20 seeds was chosen because the Wilcoxon signed-rank test cannot clear Holm correction with fewer than ~8 seeds regardless of effect size.

Deployment cost

The cost-aware loss adds no training overhead over the MSE baseline (the cusp-linear surrogate is, if anything, a single arithmetic operation simpler than squared MSE). The conformal layer is pointwise on the existing forecast. Per-seed wall-clock on a consumer laptop (Apple Silicon, MPS):

Architecture	Abilene	GÉANT	CESNET
LSTM	~10s	~12s	~40s
DLinear	~25s	~42s	~30s
iTransformer	~20s	~22s	~25s
DCRNN	~120s	~45s	~50s

The lightest architectures finish in sub-minute time per seed. The recipe scales down to constrained hardware, which makes it deployable on commodity infrastructure where transformer-class models are impractical and operators cannot reasonably train hyperscaler-class models per link.

Honest limitations

When the cusp-linear recipe might fail. If over-provisioning carries a hard absolute ceiling (a power budget, a regulatory cap), the operator’s true cost is closer to a hinge with a barrier than to the linear α:β surrogate. Asymmetric Huber is the natural next step. If the link-load distribution is so concentrated that a single very large link dominates regardless of normalization (extreme east-west skew on a hyperscaler backbone), the L1 robustness story does not necessarily transfer.
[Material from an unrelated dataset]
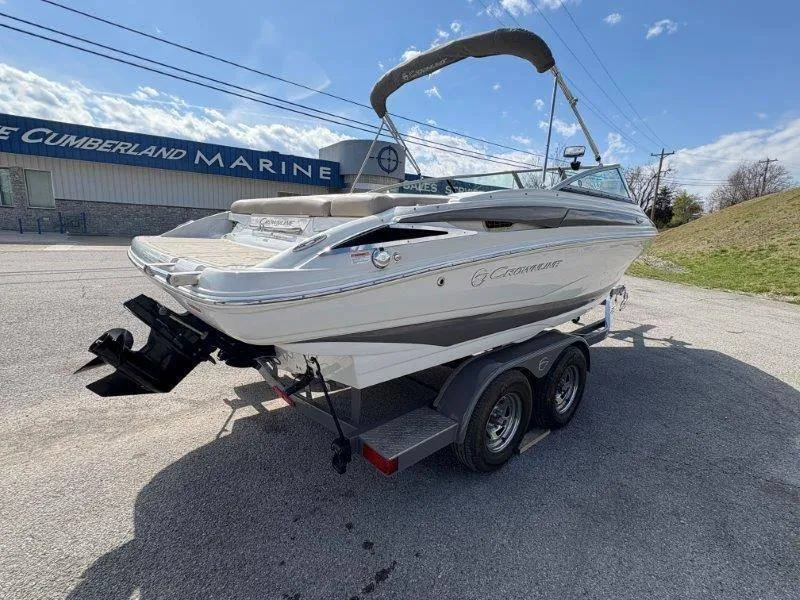 Slide: The Image of 2019 Crownline 215 SS boat on trailer at Cumberland Marine dealership. - 17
We do not see this on our three datasets but cannot rule it out.
Distribution shift beyond ACI’s regime. ACI guarantees average coverage under arbitrary drift, but the test windows are within-day splits of a single contiguous trace. Large non-stationary shocks (fiber cut, multi-month seasonality, cross-region capacity rebalancing) are not represented in the three datasets at the granularity sampled. The parameter-free DtACI variant is the natural extension.
Capacity model is simple. Peak-with-margin rule and a single held-out calibration split. Time-varying capacity, joint routing-and-capacity co-design, link-level cost heterogeneity, and online recalibration cadence are orthogonal extensions that compose naturally with the loss and the conformal layer because both operate pointwise on the forecast.

What’s next

The paper explicitly outlines: a regret bound linking conformal miscoverage to realized operational cost (rather than just to coverage), asymmetric Huber for operators with hard over-provisioning ceilings, cross-topology generalization across the Topology Zoo subgraph family, and extending the conformal layer evaluation to non-LSTM backbones.